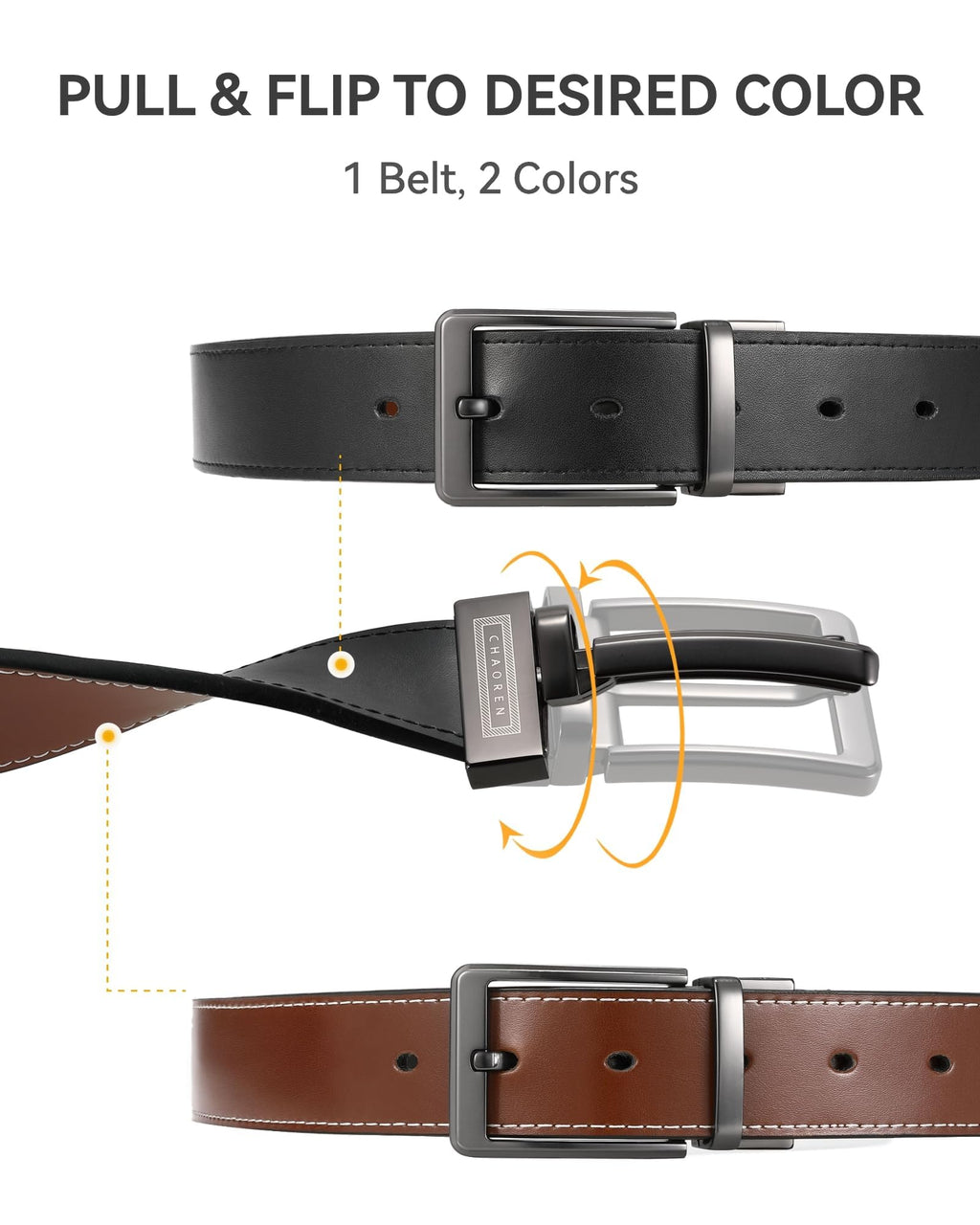 CHAOREN Reversible Mens Belt 1 Piece - 1 3/8" Mens Belts Leather for Casual Jeans Dress - One Belt, Two Colors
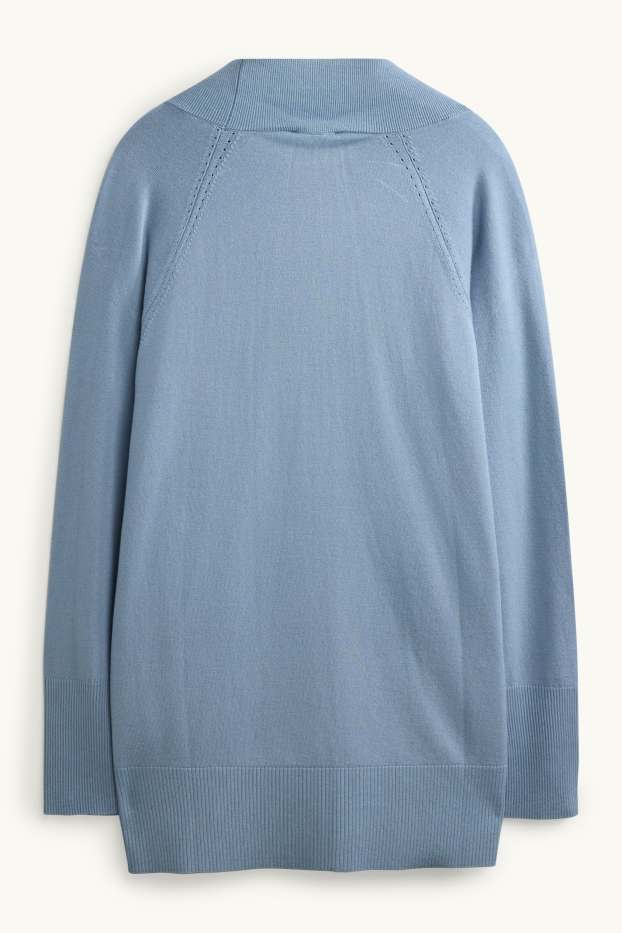 Dames - Lang gebreid vest - blauw
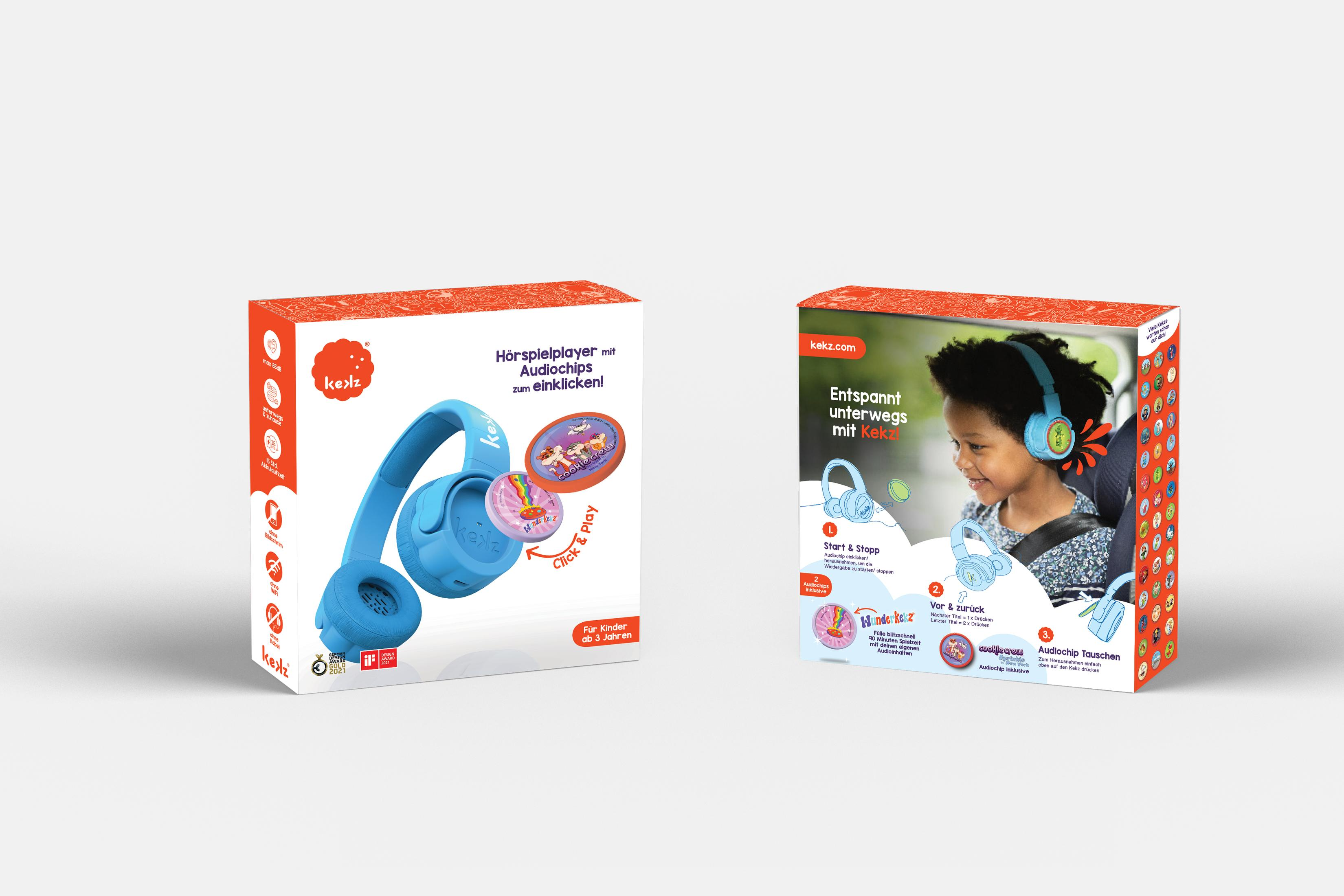 Zwei Kekz Hörspielplayer-Verpackungen. Links ein blauer Player mit Audiochips, rechts eine Packung mit einem Kind.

> **About this task**
Your answer should be the lines above from the one that contains "Dames - Lang gebreid vest - blauw" through the last, set down exactly, with the pictures removed.

> **Task solution**
 Dames - Lang gebreid vest - blauw
 Zwei Kekz Hörspielplayer-Verpackungen. Links ein blauer Player mit Audiochips, rechts eine Packung mit einem Kind.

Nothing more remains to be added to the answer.